The procedure proposed in th eprevious section only relates the image to the previous image. In fact it is implicitly assumed that once a point gets out of sight, it will not come back. Although this is true for many sequences, this assumptions does not always hold. Assume that a specific 3D point got out of sight, but that it is visible again in the last two views. In this case a new 3D point will be instantiated. This will not immediately cause problems, but since these two 3D points are unrelated for the system, nothing enforces their position to correspond. For longer sequences where the camera is moved back and forth over the scene, this can lead to poor results due to accumulated errors. The problem is illustrated in Figure 5.2
The solution that we propose is to match all the views that are close with the actual view (as described in Section 4.2). For every close view a set of potential 2D-3D correspondences is obtained. These sets are merged and the camera projection matrix is estimated using the same robust procedure as described above, but on the merged set of 2D-3D correspondences.

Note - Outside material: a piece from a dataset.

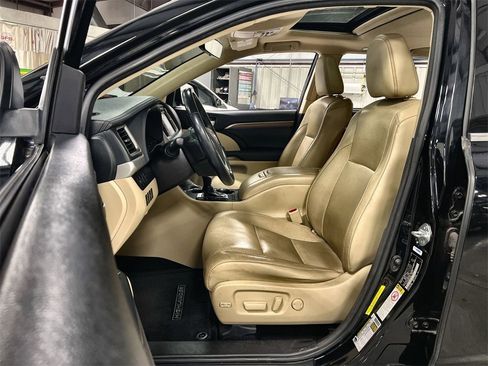 Used 2018 Toyota Highlander Limited image 12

Close views are determined as follows. First a planar-homography that explains best the image-motion of feature points between the actual and the previous view is determined (using Equation 5.2). Then, the median residual for the transfer of these features to other views using homographies corresponding to the same plane are computed (see Equation 5.1). Since the direction of the camera motion is given through the epipoles, it is possible to limit the selection to the closest views in each direction. In this case it is better to take orientation into account [47,76] to differentiate between opposite directions.